The debt snowball method, popularized by Dave Ramsey, is a debt repayment strategy focused on motivation and quick wins. Instead of prioritizing debts by interest rate, you tackle the smallest debt first, regardless of its interest rate.
Here’s how it works: List all your debts, excluding your mortgage, from smallest balance to largest. Make minimum payments on all debts except the smallest one. Throw every extra dollar you can find towards that smallest debt until it’s completely paid off. Once that first debt is vanquished, take the money you were putting towards it and apply it to the next smallest debt. This creates a “snowball” effect, as the amount you’re applying to each subsequent debt grows larger and larger.

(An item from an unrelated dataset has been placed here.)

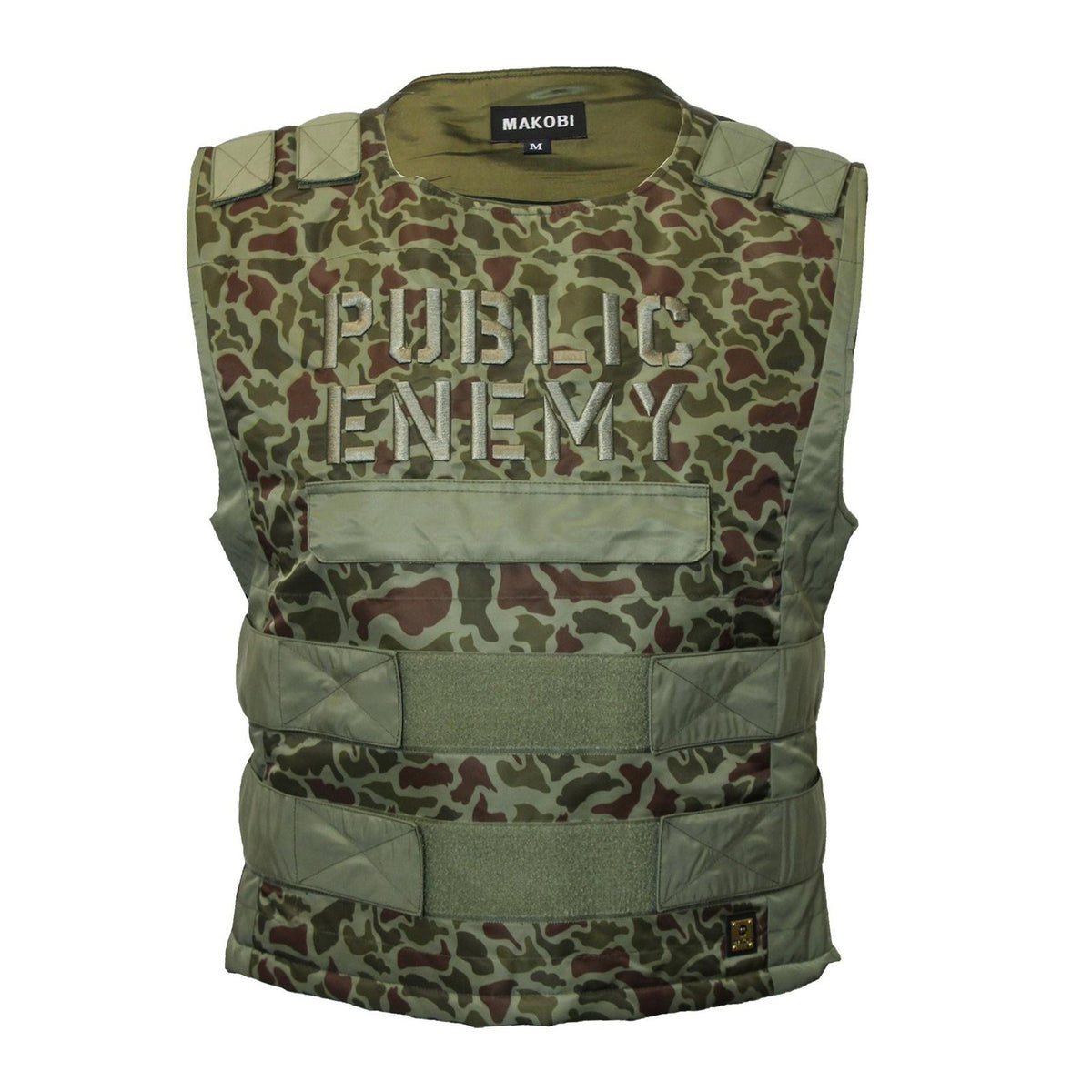 M1120 Makobi Public Enemy Vest - Army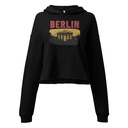 Berlin Women's Cropped Hoodie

The psychological power of the debt snowball is undeniable. Knocking out a small debt quickly provides a much-needed boost, proving to yourself that you can indeed become debt-free. This momentum fuels your motivation to continue, even when faced with larger, more daunting debts. Seeing tangible progress early on can be crucial, especially for those who feel overwhelmed by their debt.

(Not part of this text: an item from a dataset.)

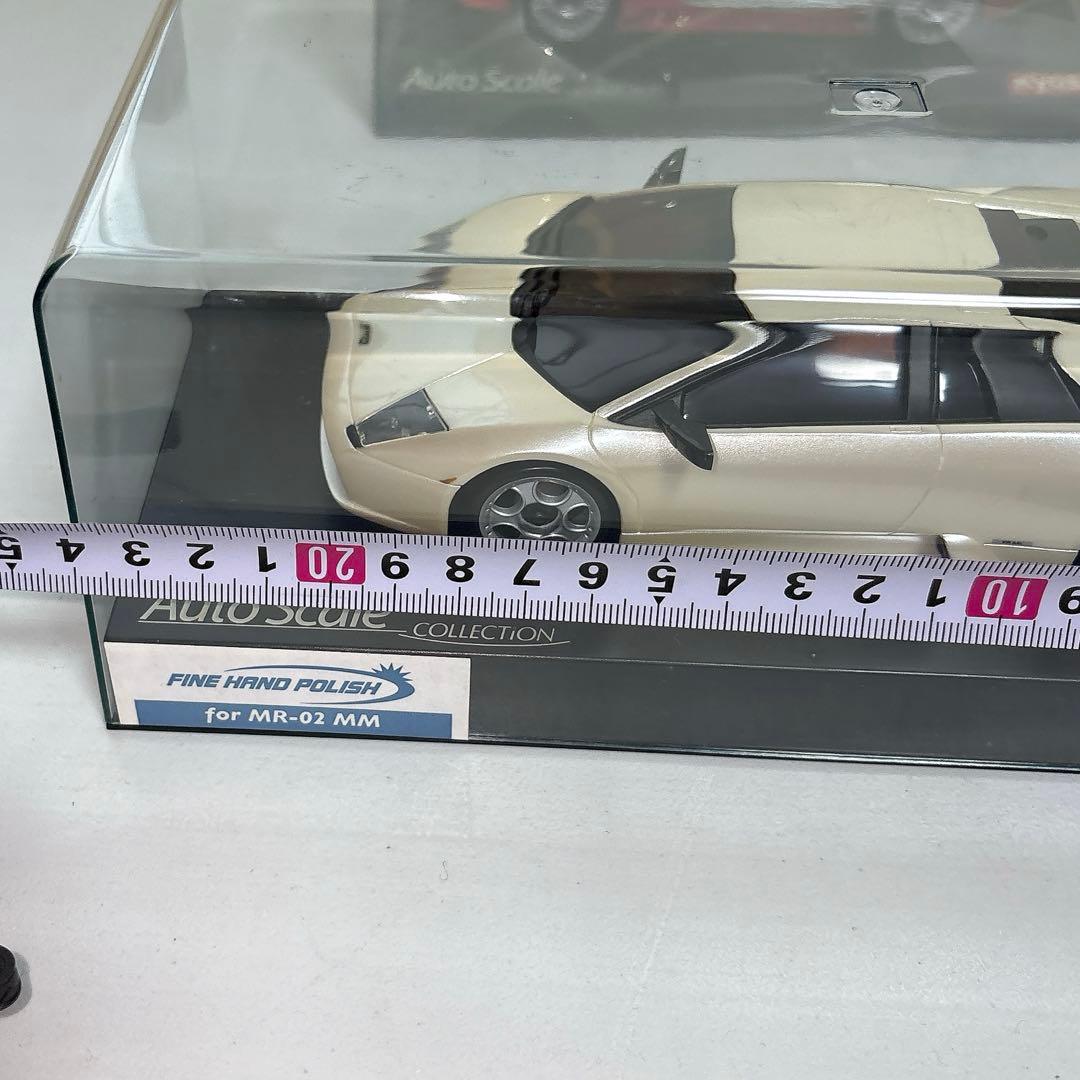 京商 AutoScale COLLECTION ランボルギーニ ムルシエラゴ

While the debt snowball shines in its motivational aspect, it’s important to acknowledge its financial drawbacks. Because it ignores interest rates, you might end up paying more in interest overall compared to other methods, like the debt avalanche. The debt avalanche prioritizes debts with the highest interest rates, leading to the fastest and cheapest debt payoff in the long run.
For example, imagine you have two debts: a $500 credit card with a 20% interest rate and a $2,000 personal loan with a 10% interest rate. The snowball method would have you focus on the $500 credit card first. The avalanche method, however, would target the credit card first as well, as it has the higher interest rate, leading to less interest paid in the long run. However, if you have a $500 credit card and a $20,000 student loan, the snowball method would advocate for paying off the credit card first.
Ultimately, the best debt repayment strategy depends on your personality and financial situation. If you struggle with motivation and need to see quick results to stay on track, the debt snowball might be the right choice for you, even if it means paying slightly more in interest. If you’re more financially disciplined and focused on minimizing costs, the debt avalanche might be a better fit.
Before committing to any debt repayment method, it’s wise to carefully evaluate your debts, interest rates, and personal financial habits. Consider using a debt payoff calculator to compare the costs and timelines of different strategies. The most important thing is to choose a plan that you can stick with and that will ultimately lead you to financial freedom.